I am not complaining about tailf:action specifically, I will just map it
YANG 1.1 action even in YANG 1.0 mode and I'm done :)

> One reason we added the quoted paragraph to 7950 was because of the
> problem you describe with tailf:action.

I suspected as much, thank you for that :)

>> I think the proper way of fixing this would be to define a YANG
>> extension, which, when used within another extension, would indicate
>> that the extension being defined is part of the schema tree, for example:
>>
>>    extension schematree-statement;
>>
>>    extension foo {
>>        argument bar;
>>
>>        sts:schematree-statement;
>>    }
> 
> Unfortunately, this doesn't solve the problem, since a parser that
> doesn't understand sts:schematree-statement still wouldn't know that
> foo defined a schema node, and thus it will still complain if it sees
> an augment of a node introduced with "ex:foo".
> 
> In order for this to work, "schematree-statement" would have to be a
> builtin statement.
> 
> (... and if we had this statement, we could have used it in yang-ext
> as well, and avoid augement-yang-data)

Understood and agreed, parsers not supporting schematree-statement would
be left unfixed, but also no worse off.

My skin in the game is to future-proof my parser (based on supporting
widely-available specifications) until this is fixed for everyone with
YANG 1.2. Adding support for a language extension is much simpler than
to bump YANG language support by 0.1, at least in my experience.

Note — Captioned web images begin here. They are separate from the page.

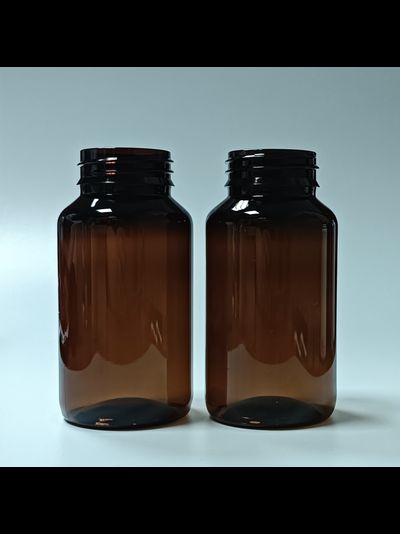 Банка ПЭТ 150мл, высокая, коричневая, арт.2209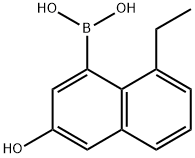 (8-乙基-3-羟基萘-1-基)硼酸 结构式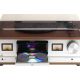 6. Denver MRD-52 Retro Stereo with Light Wood Turntable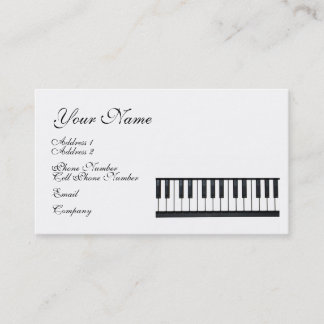Music Business Card - Keyboard - Piano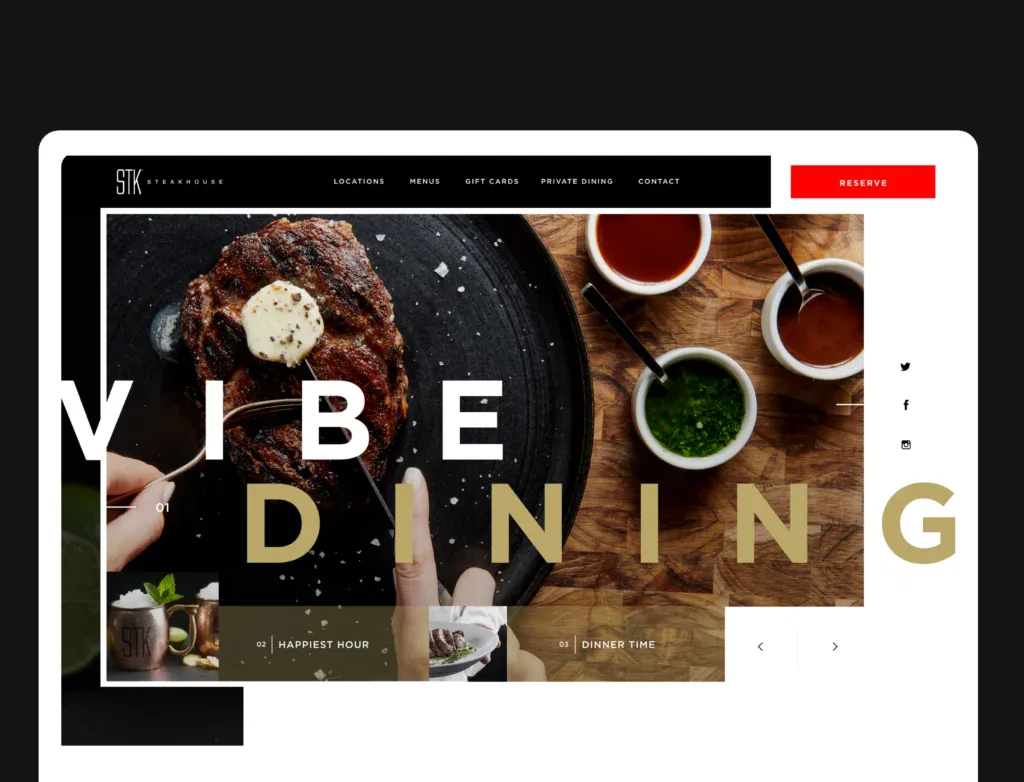 stk homepage with brand integration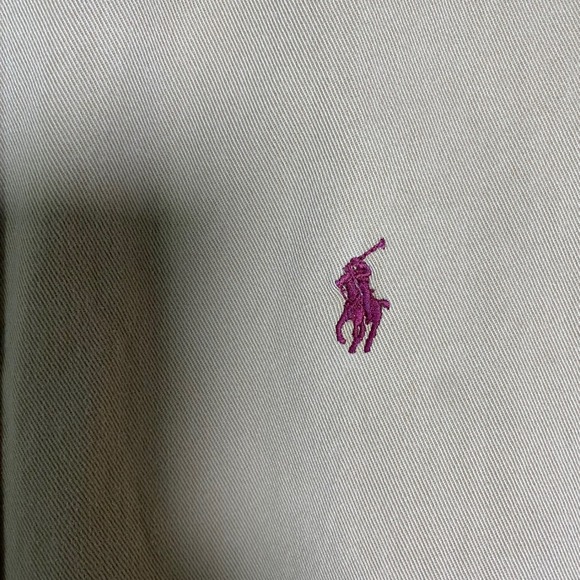 VTG Ralph Lauren Men Classic Fit Long Sleeve Button Down Khaki XL Cotton Preppy - Picture 11 of 11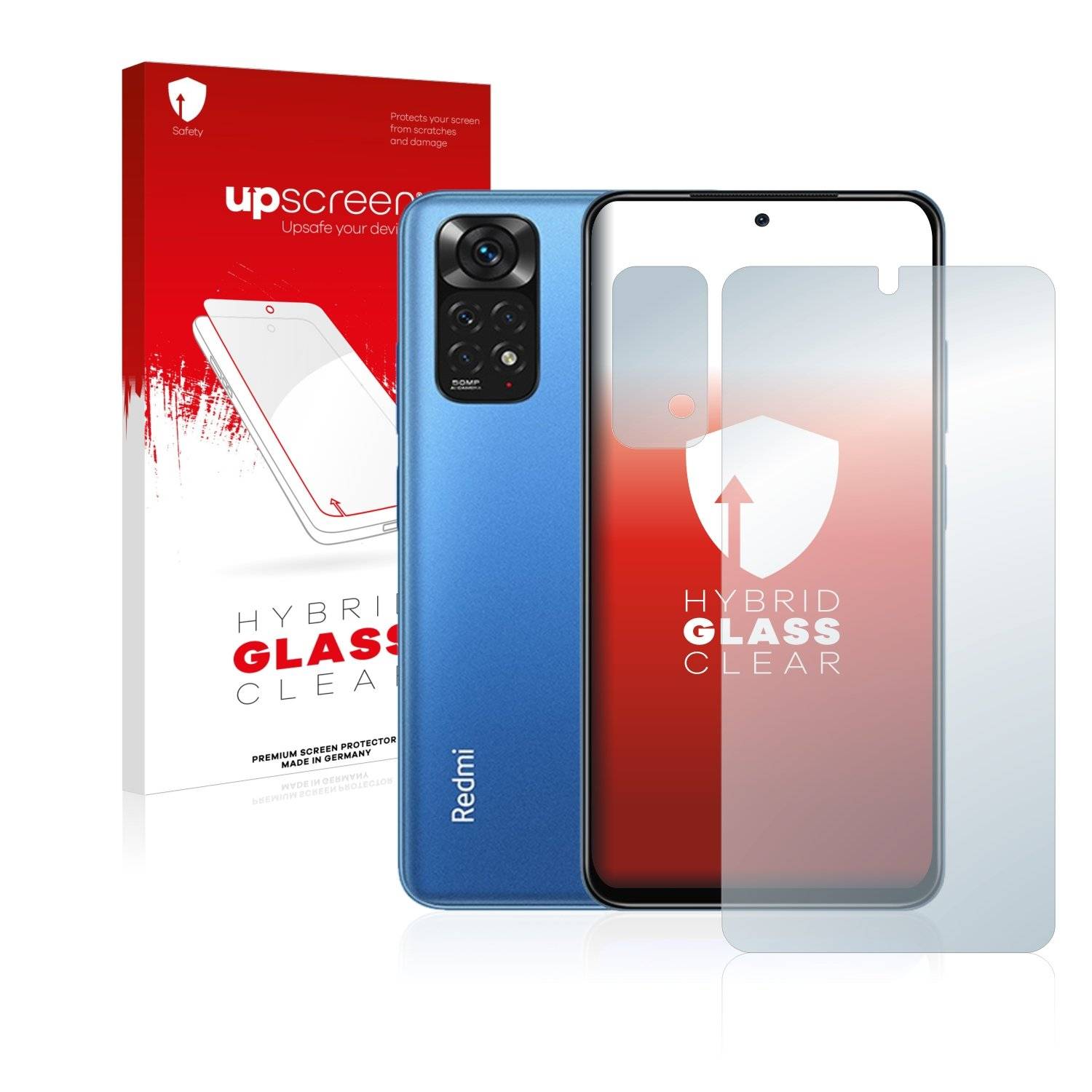 upscreen Hybrid Glas Schutz-Folie für Xiaomi Redmi Note 11 (Display+Kamera)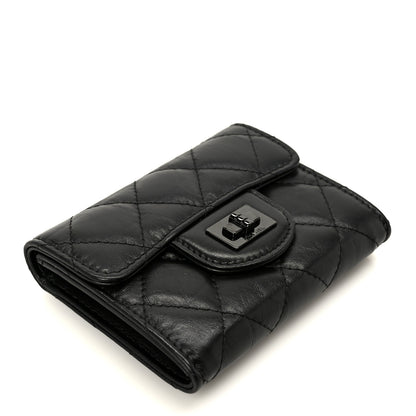 Chanel Aged Calfskin Quilted Reissue Flap Card Holder Wallet So Black 4 of 9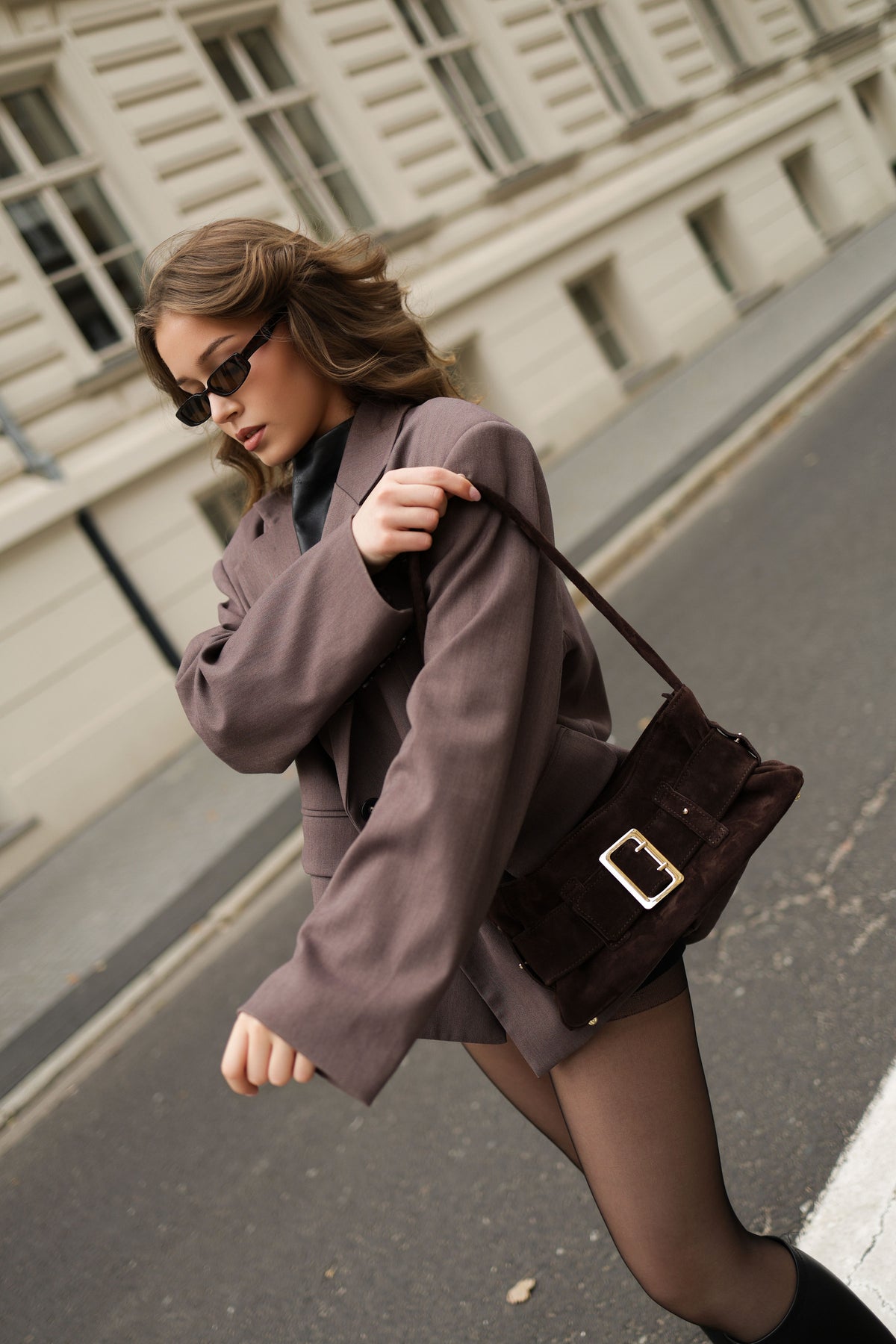 PORTOFINO MINI BAG - CHOCOLATE BROWN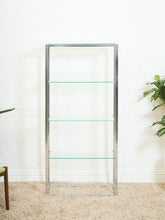Load image into Gallery viewer, Chrome 1970’s Etagere Shelf
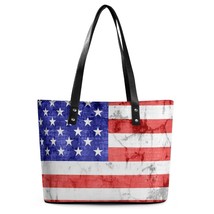 USA Flag Handbags 4th of July Independence Day Belt Tote Bag Stylish PU Leather  - £65.01 GBP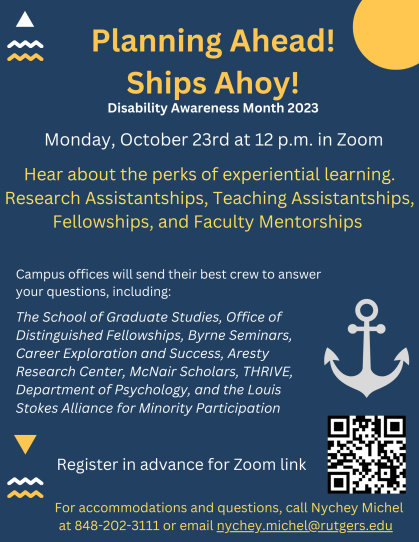 Planning ahead, ships ahoy, register in advance for Zoom link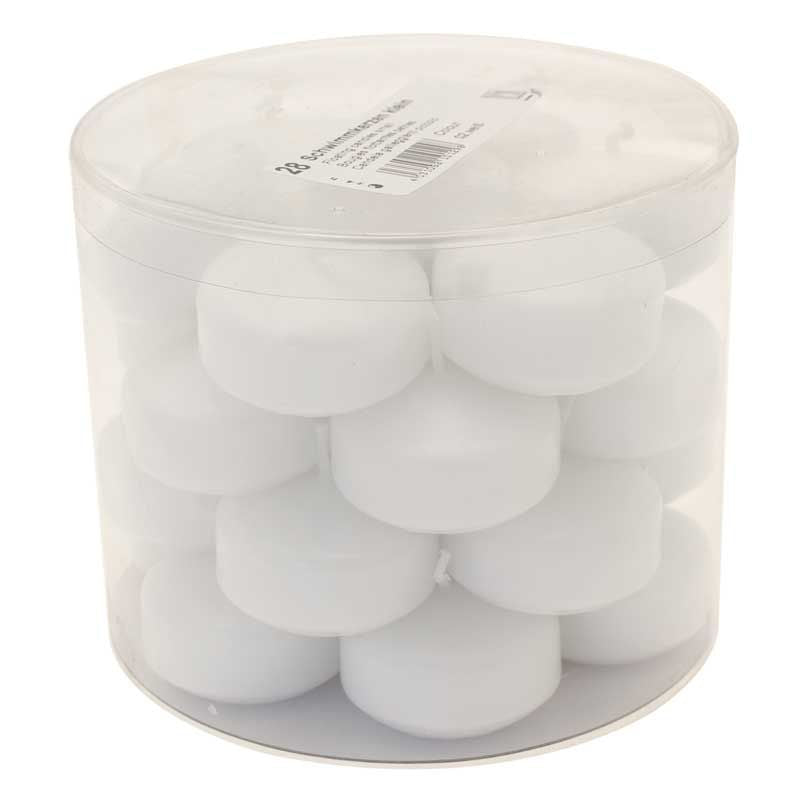 Floating candle white 3x5 cm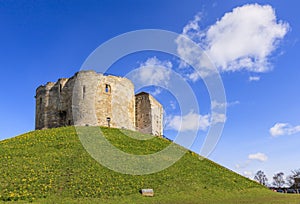 York Cliffords Tower UK
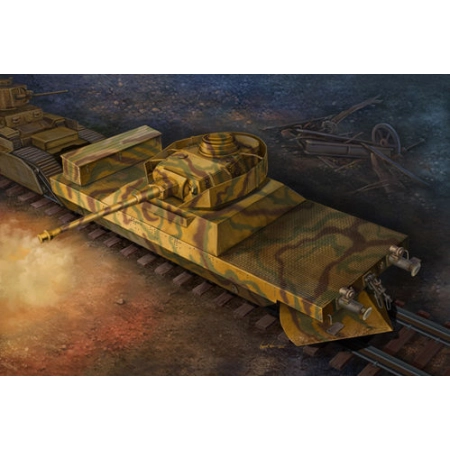 TRUMPETER 00368 - Czołg kolejowy Panzerjagerwagen - 1:35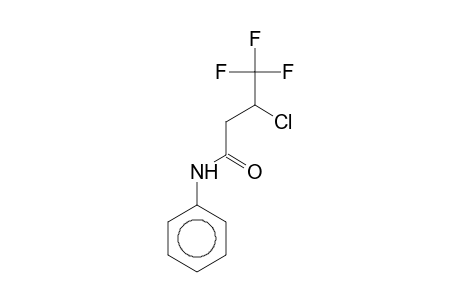 3-Chloro-4,4,4-trifluoro-N-phenylbutanamide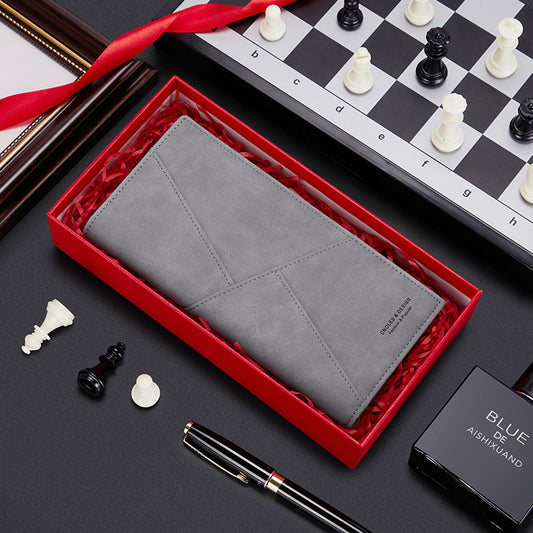 Cartera de hombre moda larga multifuncional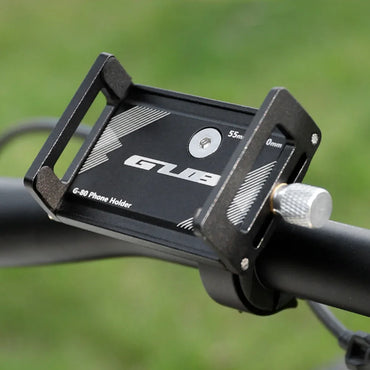 Electric Scooter Phone Holder Bicycle Stem Cell Phone Mount Quick Attach/Detach Aluminum Alloy for 2.16 To 3.93 in Smartphone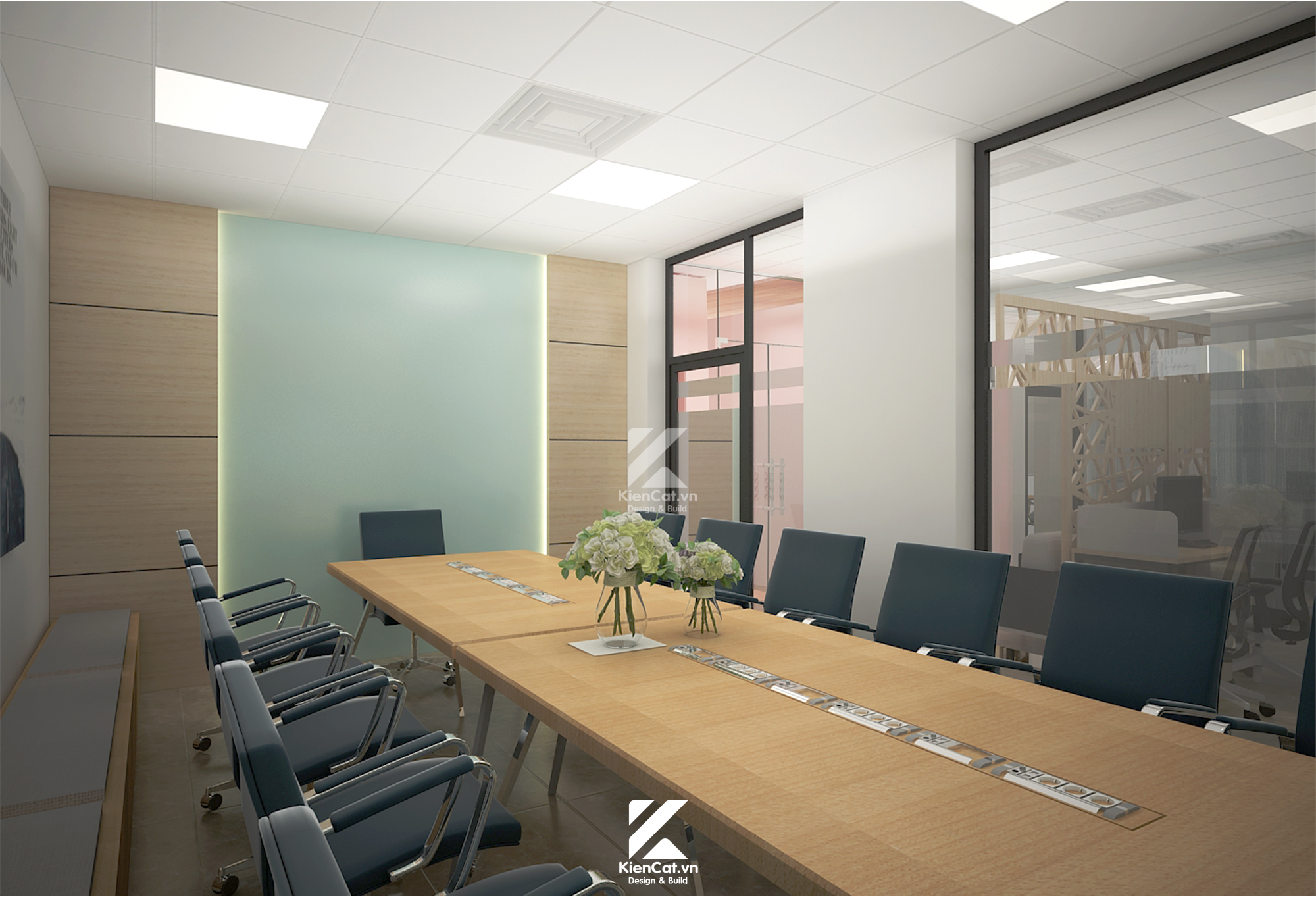 thiết kế nội thất văn phòng quận 2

This could even help augment-yang-data in that the semantics of what it
does would be kept with the extension (yang-data) as opposed to a
different, related (as understandable by humans), language extension. An
an implementor,

Such extension would also address a piece of RFC7950 section 7.19's:

   An extension can allow refinement (see Section 7.13.2) and deviations
   (Section 7.20.3.2), but the mechanism for how this is defined is
   outside the scope of this specification.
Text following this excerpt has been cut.